The EC believes this “voluntary conciliation procedure” can “contribute to the more efficient, economically sustainable and reliable delivery of IP traffic, support interoperability and quality of services, and facilitate the deployment of innovative services based on collaboration, while preserving contractual freedom.”
As you would expect, the proposal has met with fierce opposition from those representing companies that provide their digital services over telecom networks.
The Computer & Communications Industry Association (CCIA), a lobby group that represents “a broad cross section of computer, communications, and internet industry firms” (including Amazon, Apple, Google and Meta), stated in this announcement that the “so-called ‘voluntary conciliation’ procedure amounts to regulation for regulation’s sake. Cooperation between online service providers and telecom operators is already a market reality, making this new framework redundant. Instead, the mechanism leaves the door open for legislative amendments or rulings by national regulatory authorities (NRAs) that could turn it into a binding IP dispute-resolution system, effectively resurrecting the widely rejected network fees. Such a shift will allow dominant telcos to extract unjustified revenues from popular online services. It harms consumers, undermines net neutrality, and negatively impacts the media and cloud sectors.”
No doubt some in the telco community will welcome the opportunity to press for financial contributions from big tech players.

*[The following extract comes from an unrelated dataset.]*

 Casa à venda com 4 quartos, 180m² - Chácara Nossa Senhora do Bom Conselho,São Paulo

And there are a number of other elements in the DNA document that will please many in the telco community, particularly around the longer duration of mobile spectrum licences and making licences renewable by default, and a unified, pan-EU approach to satellite services spectrum authorisation (so that each member country doesn’t need to grant individual authorisation).
The DNA also proposes an EU-wide numbering scheme for the B2B sector that will make it easier to offer regional services, such as IoT-based applications and connected cars. It also enables digital service providers to offer their services in any EU member state by registering in just one EU jurisdiction.

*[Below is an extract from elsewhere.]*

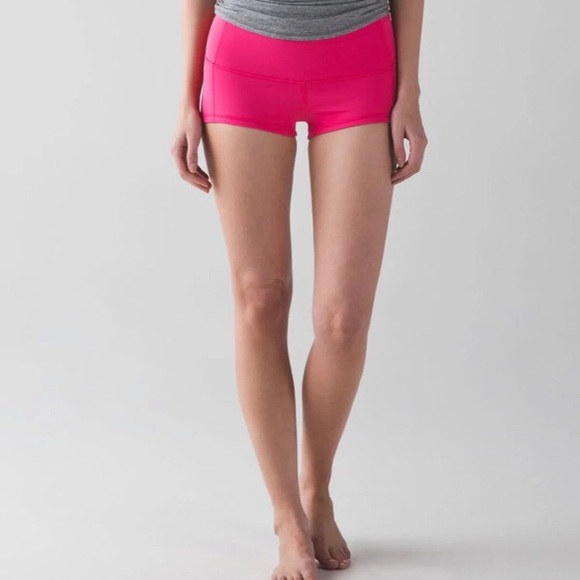 SOLD! Lulu Lemon Wunder Under Short - Picture 1 of 6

But it stops short of the broader harmonisation that major telcos have been seeking – the DNA does not create a borderless digital services market with completely unified rules or a centralised spectrum licence authority – and there’s no indication that major telcos will be able to more easily scale up through M&A activity that reduces the number of competing infrastructure-based providers.
Vice president Virkkunen outlined what the EC sees as the key positives of the DNA in this set of remarks, while the full document can be accessed here.